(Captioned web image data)
* * * *

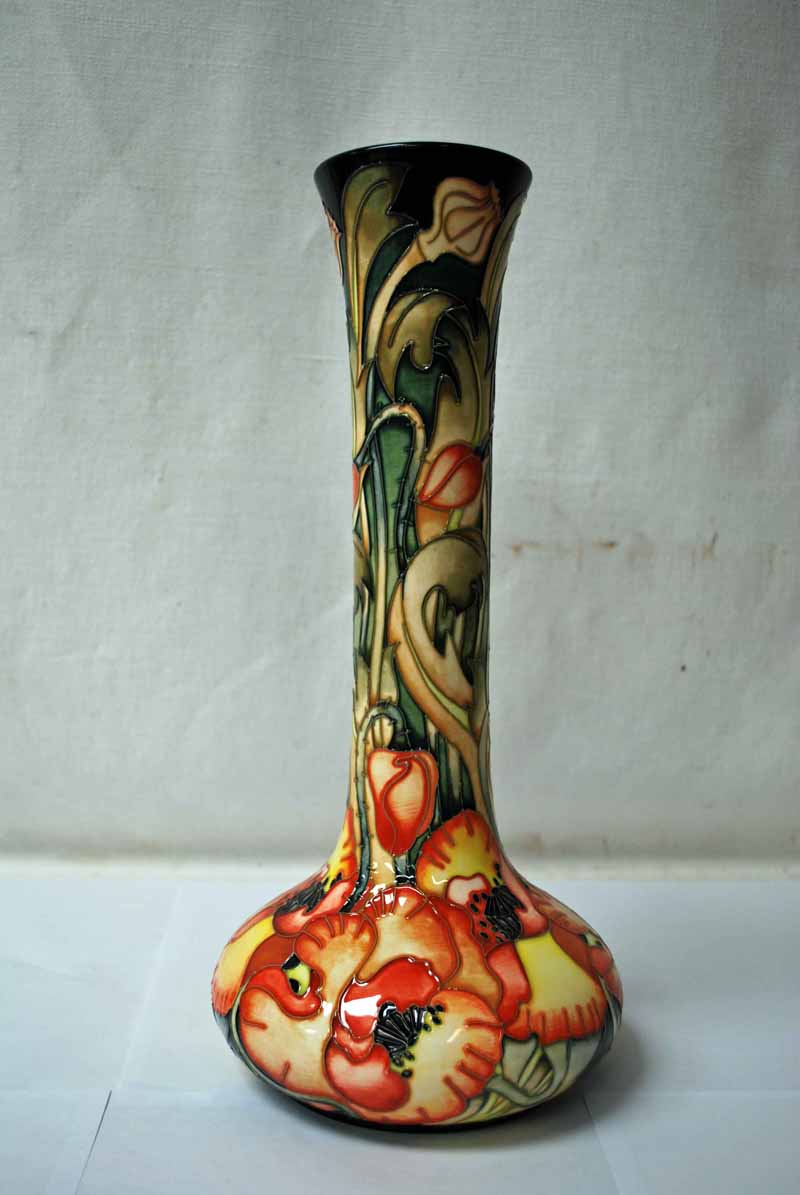 A Moorcroft Vase, onion shape with elongated neck, marked 'DES TRIAL 20-11-03' underneath, signed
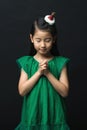 Cute Asian woman praying for Christmas with headdress on black background and gathering two hands Children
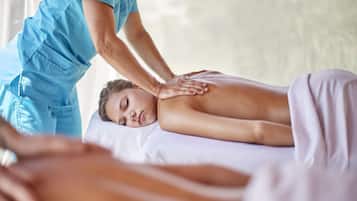 Expert therapists offer soothing massages on a comfortable table.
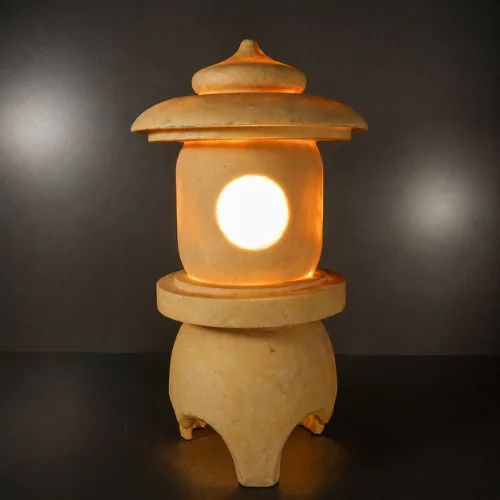 Curved roof and rounded finial of the sandstone garden lantern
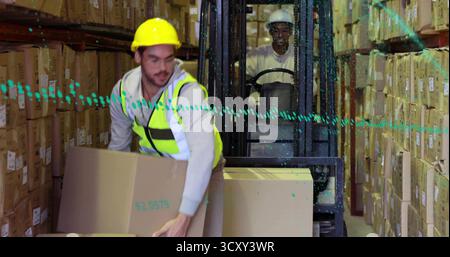 Lifting cardboard box, worker wearing neon vest in warehouse aisle, with moving forklift behind Stock Photo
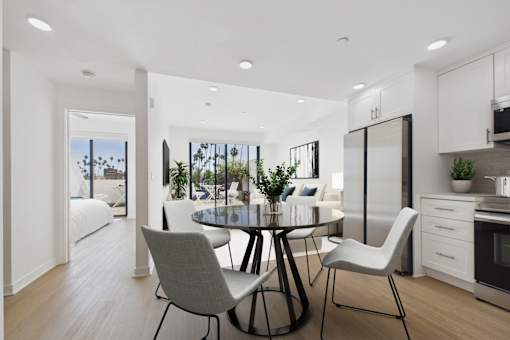 A modern kitchen with a dining table and chairs.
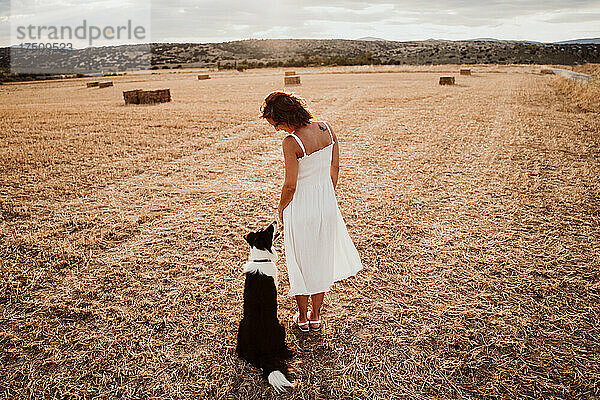 Frau steht bei Sonnenuntergang neben Hund im Feld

* * * *

Exercise: Please reproduce, word for word, only the lines from the line that holds "Lifting cardboard box, worker" through the final line of the entries above, omitting any pictures.

Response area:
 Lifting cardboard box, worker wearing neon vest in warehouse aisle, with moving forklift behind Stock Photo
 A modern kitchen with a dining table and chairs.
 Frau steht bei Sonnenuntergang neben Hund im Feld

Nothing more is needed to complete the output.